Tim Bray on the mobile market:
This is the big league; bigger today than the computer industry ever was, and growing fast. This is as fierce a concentration of R&D heat and manufacturing virtuosity and distribution wizardry and marketing mojo as humanity has ever seen.
Anyone who has been the technology game for awhile has seen trends come and go; I am as skeptical as anyone but on this I am with Tim Bray. It looks to me like Mobile and related trends are going to make the PC + Internet era of the 90s look small by comparison.
Some Kleiner Perkins folks discussed interesting data points on Mobile trends:
iPad growth blows away its predecessors iPod and iPhone (and those were not too shabby)
Android coming on strong
Inflection point for Mobile vs PCs is 2011 (i.e.. now), small amount of growth in Laptop Pcs, none in Desktop Pcs, tons in smrtphones etc
Twitter (253M) already has over 1/3 the number of FB users (+662M)
SoLoMo tagline - combines Social Local Mobile
Mixi (Japanese social media site) getting 85% of its page views from Mobile, PC page views are 15% and dropping
Slide 51 provides a handy chart to the numerous technologies that smartphone makes go byebye - GPS, landline, ...
There are major implications to Infosec as a result of these trends.
Mobile is a new architecture. Many times companies start a Mobile project by putting a Mobile client onto the existing list of clients like web apps and web services.
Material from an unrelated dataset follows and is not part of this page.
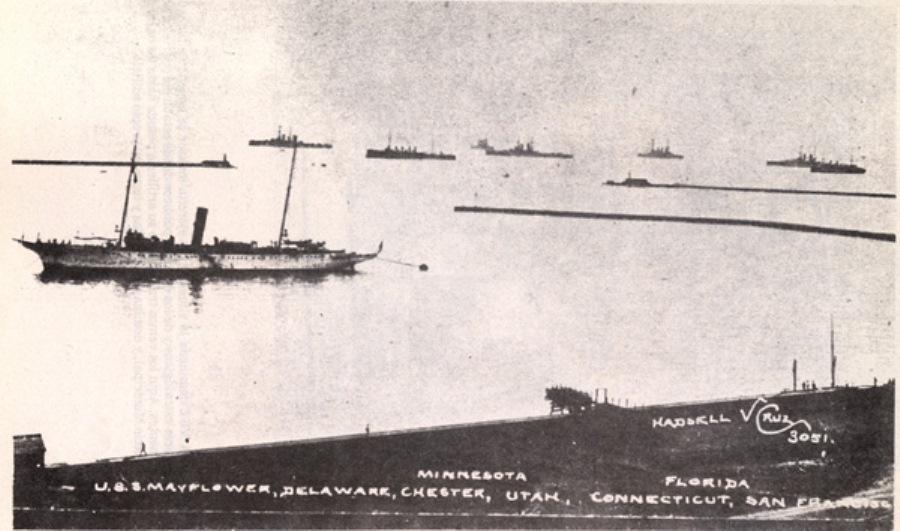 American Warships Cruise Through Veracruz, Mexico, 1914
But as these projects and deployments scale out, there is generally a specialized middle tier for Mobile that supports ocassionally connected sessions, content caching, and other optimization for Mobile environments.
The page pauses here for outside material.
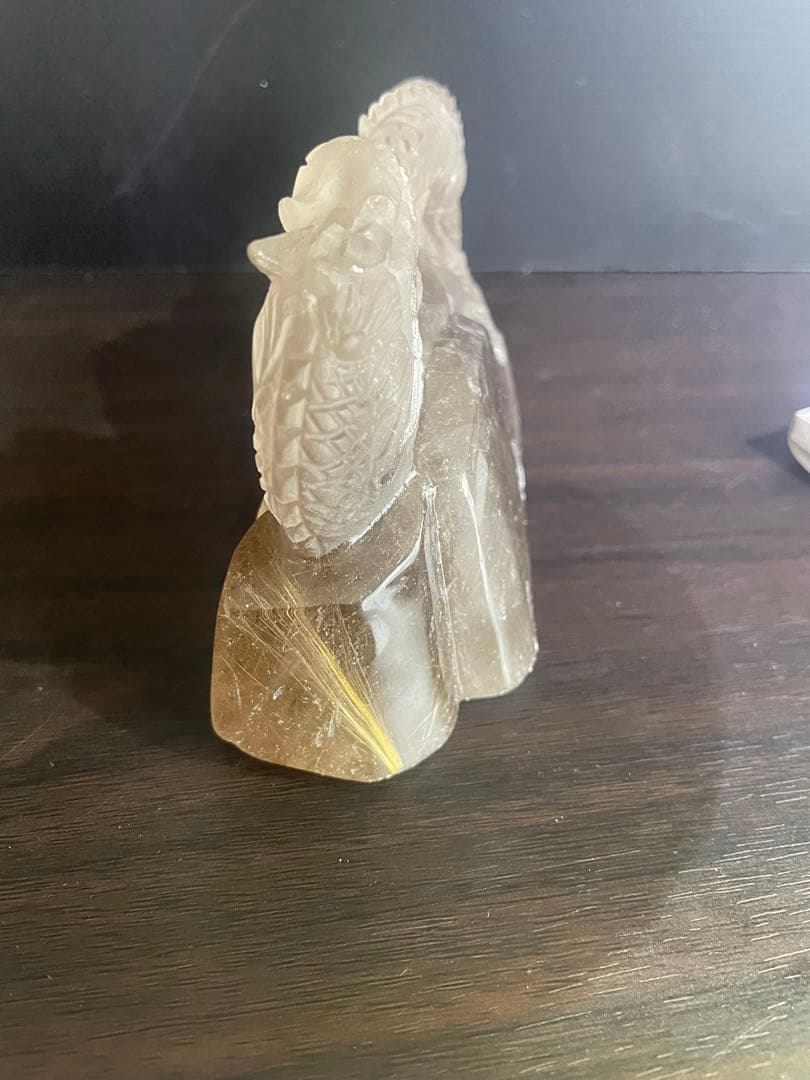 ルチル神龍の彫り物　天然石　鑑別書付き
Mobile needs a new security architecture. Related to the above, we have different deployment types and so need new security protocols - the types of security tokens, the way sessions are managed, and integration with the client all require a new approach from Infosec, its not same old same old web app security.
Focus on Apps and Data. Perimeter? What perimeter? Even the most casual observer knows that Mobile is the final nail in the outmoded "inside the firewall/outside the firewall" mentality. Data and functionality are on the move, and security needs to keep up.
As always, Infosec has three choices - Lead, Follow, or Get out of the way. Too often Infosec has chosen the latter, we are early enough in the development of Mobile for Infosec to get out in front of trends and build security into the Mobile applications.
I am teaching a class on Android application and data security at SecAppDev and will discuss a number of these issues in more detail.
Gunner,
If you wanted proof that mobile is the way things are going have a look at the recent spat between Motorola and Microsoft involving the request via US immigration and customs to have all Microsoft hardware impounded on patent infringement.